Corporate executive management is supposed to maximize the wealth of the investors, while boosting the entity’s reputational capital, avoiding conflict of principal-agents interests, and complying with regulatory standards (Sims & Brinkmann, 2003). The Enron scandal left a big scar in contemporary business operations. Due to the scandal many people lost their entire pension, others lost their jobs, and the shareholders lost the money that they have invested in the company after it went bankrupt. The case represents various forms of unethical behavior which include insider trading, corporate governance, conflict of interest, and fiduciary responsibilities.

  1. Insider trading

Kenneth Lay the CEO, chairman and the founder of Enron lacked integrity and was dishonest.

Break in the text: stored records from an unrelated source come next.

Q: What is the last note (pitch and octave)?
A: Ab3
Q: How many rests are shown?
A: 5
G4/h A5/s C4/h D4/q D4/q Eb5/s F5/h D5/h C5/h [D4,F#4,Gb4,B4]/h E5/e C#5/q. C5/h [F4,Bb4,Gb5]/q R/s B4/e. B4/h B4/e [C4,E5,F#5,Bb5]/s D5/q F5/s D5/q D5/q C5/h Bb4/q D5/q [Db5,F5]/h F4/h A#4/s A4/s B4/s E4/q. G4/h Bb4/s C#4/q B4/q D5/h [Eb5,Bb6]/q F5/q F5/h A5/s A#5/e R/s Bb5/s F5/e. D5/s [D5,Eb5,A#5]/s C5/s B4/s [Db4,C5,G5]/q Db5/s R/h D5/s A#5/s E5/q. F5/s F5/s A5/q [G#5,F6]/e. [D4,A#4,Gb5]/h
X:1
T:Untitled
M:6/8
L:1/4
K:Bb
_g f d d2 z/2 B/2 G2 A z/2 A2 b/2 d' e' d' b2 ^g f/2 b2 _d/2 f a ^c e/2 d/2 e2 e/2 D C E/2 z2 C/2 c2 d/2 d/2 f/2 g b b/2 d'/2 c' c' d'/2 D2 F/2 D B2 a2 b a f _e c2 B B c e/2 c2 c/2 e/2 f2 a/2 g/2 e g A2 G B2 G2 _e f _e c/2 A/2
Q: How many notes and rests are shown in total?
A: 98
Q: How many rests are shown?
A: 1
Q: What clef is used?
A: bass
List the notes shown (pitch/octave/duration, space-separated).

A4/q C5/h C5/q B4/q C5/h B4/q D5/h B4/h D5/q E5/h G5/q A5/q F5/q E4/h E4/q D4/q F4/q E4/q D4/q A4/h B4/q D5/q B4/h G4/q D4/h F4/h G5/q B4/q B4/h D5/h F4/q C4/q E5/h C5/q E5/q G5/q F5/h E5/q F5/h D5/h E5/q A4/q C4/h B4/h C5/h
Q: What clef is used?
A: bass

He committed many unethical practices as a CEO, for example, in 2001, he sold significantly of stock that he held in the company, a move that increased the share price further. This amounts to insider trading, where Mr. Lay benefited from the information he had on the state of the company (Rossouw and Van Vuuren, 2013).

  1. Conflict of interest

Arthur Andersen, who were the auditors of the Enron Company, acted unethically and played a major role in the scandal in four ways. First, AA helped Enron to manipulate the financial statements to avoid losing a key customer move that is both illegal and unethical. Secondly AA was offering consulting, external auditing and internal auditing services to Enron simultaneously violating auditing and accounting practices given the conflict of interest among these services (Kulik et al., 2008). On addition, there was a transfer of the employee from AA to Enron, which caused more conflict of interests and many top level executives of Enron were from AA. Lastly, AA destroyed the documents and papers of Enron after the scandal was disclosed, which made it difficult for the SEC to investigate the fraud. The conflict of interest evident between AA and Enron infringed on the auditing requirement for auditors independence and prompted AA to act unethically. The SPE’s were used by the participating executives to enrich themselves, which shows there was a conflict of interests.